____ Information shown

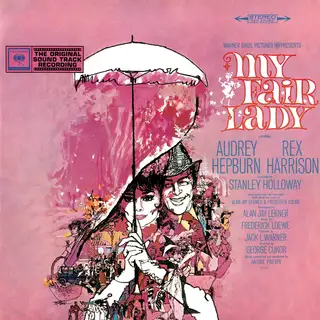Soundtrack My Fair Lady - LTD (2LP)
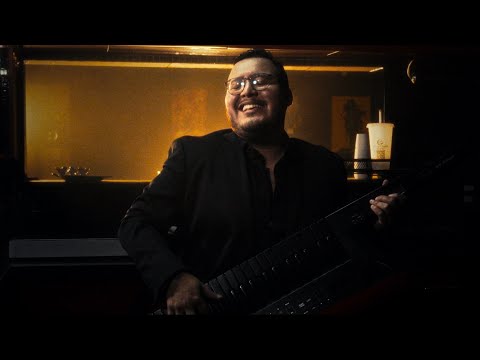 Alfredo El Puchu - Llena de Sabor (Video Oficial)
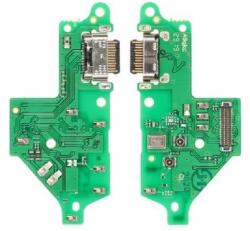 Motorola One Vision - Töltő Csatlakozó PCB Alaplap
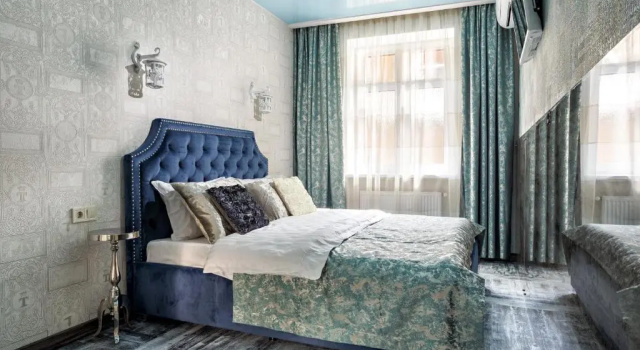 Апартаменты 2 - bedroom Apartments Galicia Lviv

________

▶ _Exercise brief_
Repeat the listing word for word, but without its pictures.

▶ _Task solution_
Soundtrack My Fair Lady - LTD (2LP)
 Alfredo El Puchu - Llena de Sabor (Video Oficial)
 Motorola One Vision - Töltő Csatlakozó PCB Alaplap
 Апартаменты 2 - bedroom Apartments Galicia Lviv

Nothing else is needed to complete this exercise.